The Nun Hieria was born into a pagan family, and became the wife of a Roman senator, but after a mere 7 months was widowed. While in the Assyrian city of Seuapolis, she learned that in the vicinity of the city of Niziba there was a women's monastery, in which asceticised the young Monastic Febronia, distinguished for her particularly strict life. Under the guise of a wanderer, Hieria visited her and conversed with her all night, being instructed in the Christian faith, and then having returned home, she was baptised and persuaded her parents to do likewise.
During the time of the persecution by Diocletian (284-305), the majority of the inhabitants of the Niziba monastery left and hid away from the persecutors, but Saint Febronia was brought to trial before the cruel official Selinus and for her confession of Christ she was subjected to inhuman tortures. Saint Hieria intrepidly denounced the cruelty of the torturers. The judge gave orders to arrest and torture her also, but then he changed his mind, in learning that Saint Hieria – was the widow of a Roman senator.
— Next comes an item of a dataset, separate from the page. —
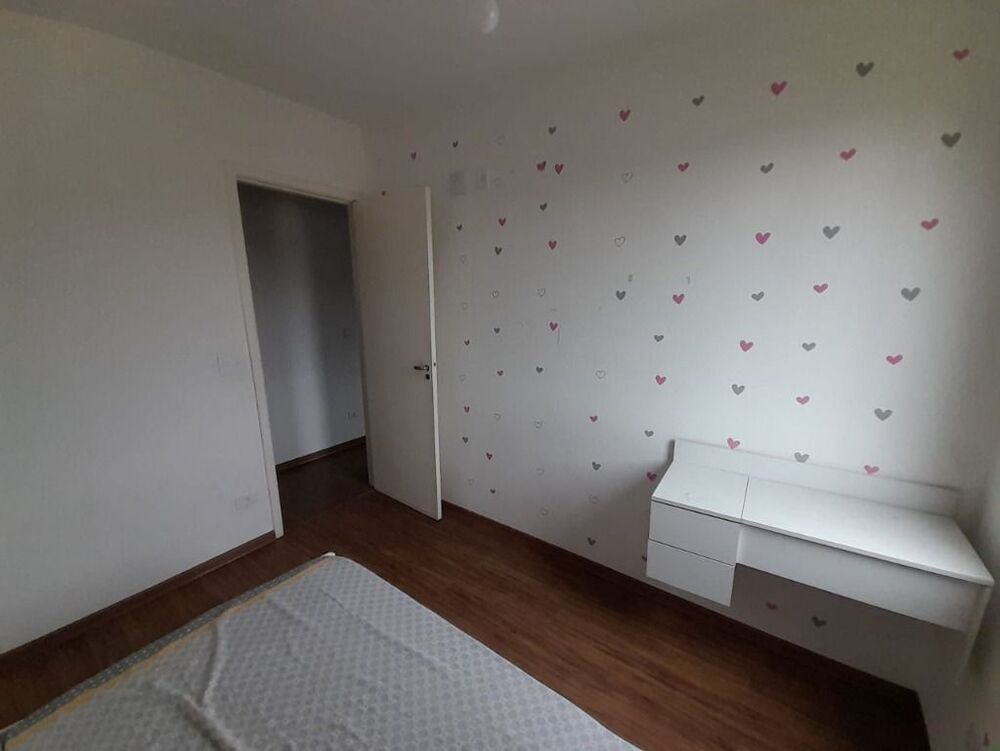 Apartamento, 3 quartos, 64 m² - Foto 19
Bitterly bewailing the martyr's death of Saint Febronia (+ c. 304, Comm. 25 June), Hieria grieved, that she herself had not been vouchsafed to suffer for the faith in Christ. With tears she besought the hegumeness Brienna to accept her in place of Febronia at the monastery. Having bestown all her substance upon the monastery, the nun Hieria spent there the remaining days of her life and peacefully reposed to God in about the year 320.